Dealing with the data science

 One solution to some of those questions comes in who comprises the IT team, and how it functions.

Historically, retailers have operated with a “top-down approach” to running their IT teams, where executives think they know what they want and ask their teams to go away and build it.

However, as retailers at a previous Retail Gazette roundtable on this subject suggested and as forward-thinking modernising businesses such as Kingfisher and Boots are realising, this can be too slow and expensive and doesn’t garner the required results.

A product-based programme, defined by agile development methodology where engineering teams are given more freedom to work on different aspects of the technology ecosystem – a microservices architecture – is viewed as a better way of working.

Sarah Al Najjar, IT delivery manager/agile coach and part of the IT operations & engineering department at End, said: “When you’re building something to ensure your retail organisation is customer centric, which is the aim of the wider industry, you need to be able to delve into the data.

“You need data scientists in the team to analyse consumer data and understand customers’ purchasing behaviour, this will ensure any new features and/or products you develop are aligned with what your customers truly want – there needs to be an element of decentralised decision making if retailers are to progress with tech.”

She added: “If you’re a retailer and your engineering team is not working in an agile manner today, you’re doing it wrong.”

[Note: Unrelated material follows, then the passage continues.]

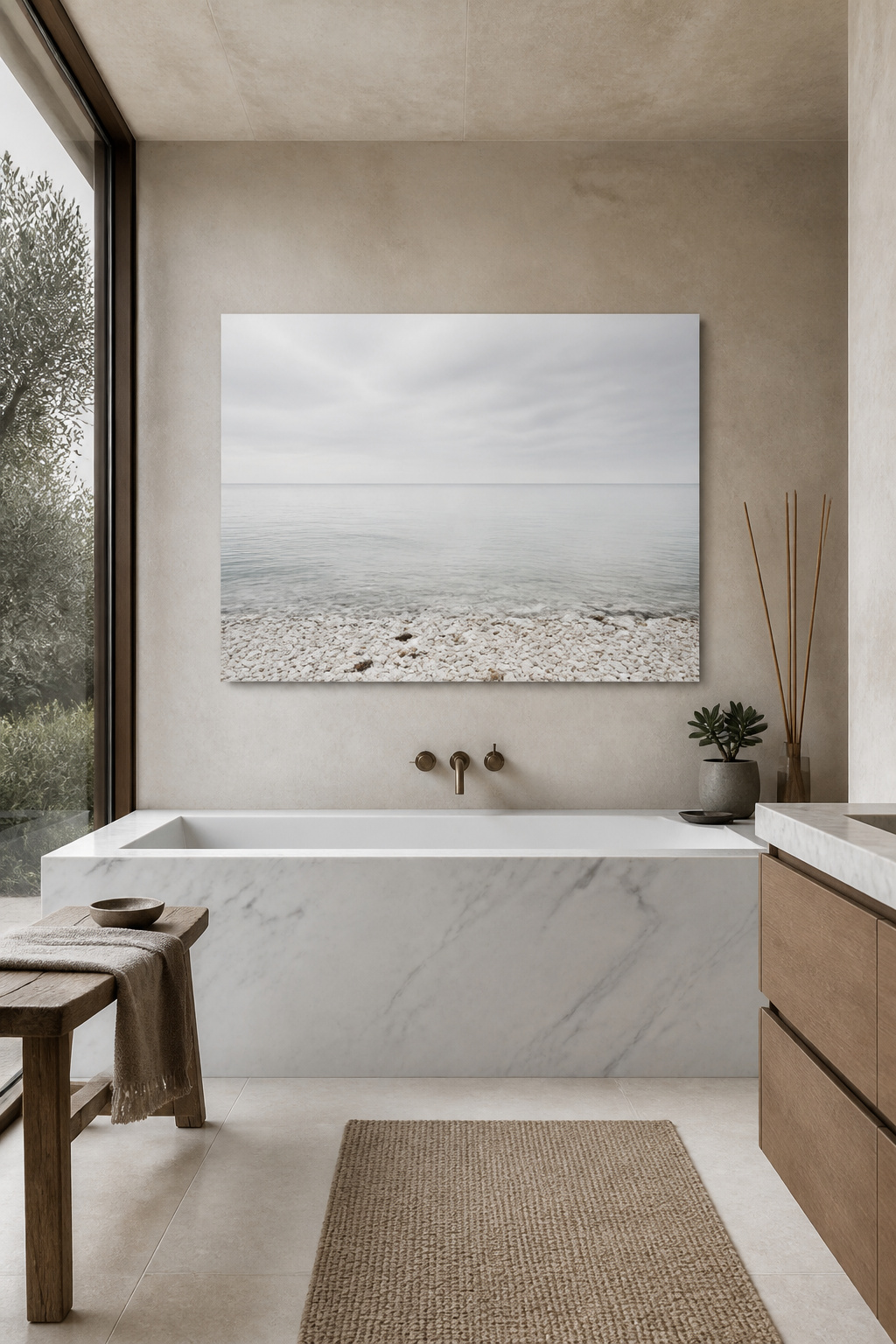 A frameless aluminium metal print of a Scandinavian coastal horizon above a marble bathtub surround creates the psychological effect of an opening in the wall — one of the most effective spa-mood bathroom art choices.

Al Najjar defines agile as not working in a linear fashion. Small teams – or “squads” – who know the end goal but who are not restricted by old-fashioned linear and sequential management processes of build-test-change-approve – instead, agile is an approach where continuous planning, building, testing, and reviewing takes place before the end goal is reached.

Cultivating the right team and culture

Roundtablers agreed that successful digital transformation comes down to organisational structure as much as anything else.

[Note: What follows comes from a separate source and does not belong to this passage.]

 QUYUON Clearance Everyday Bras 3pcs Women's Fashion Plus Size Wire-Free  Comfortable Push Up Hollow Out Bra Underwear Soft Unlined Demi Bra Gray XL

One retailer said: “Balancing customer-led experience with brand equity is always tricky, and it is often hard to find the middle ground and get things changed in an organisation.

“Retailers need to agree what represents value – and there is often tension inside the company regarding what this is. The definition can differ between senior leaders and those in the field.”

Old linear structures and chains of command are often to blame for this tension in modern retail, according to several delegates in attendance.

“The first question the best software engineers will ask when assessing whether they want to work for a retailer is ‘how do you work?’,” said Al Najjar.

“They want to learn, they want flexibility and they want to have autonomy as they work towards a common goal.”

The concept of “fail fast and move on” has been much touted in the last decade by retailers navigating their way through a more digital world.

Although it may sound cliché now, it is actually a fundamental part of how modern engineers work and business gain through tech development is achieved, according to Al Najjar.

“You have to be willing to fail to be innovative when it comes to technology” she explained.

“If you don’t fail, you’re following someone else’s path and you’re choosing continuity rather than being bold and driving the market.”

Andrew MacInnes, a former chief technology officer (CTO) at the John Lewis Partnership and now CTO at Appsbroker, was also in attendance at the roundtable.

He said: “The bigger the organisation, the more difficult it is for tech to have a voice in this day and age.

“But the truth is you can’t create a business strategy without IT and you can’t create a tech strategy without knowing what the business wants. The key is to create IT metrics for influencing business strategy – and if retailers are to progress in the modern world there needs to be digital fluency throughout the organisation.”

MacInnes added: “Historically ‘digital’ has been marketing, but in the best-performing retailers the tech team is now claiming ‘digital’ back. For a retailer to be successful, it is vital the board understands that.”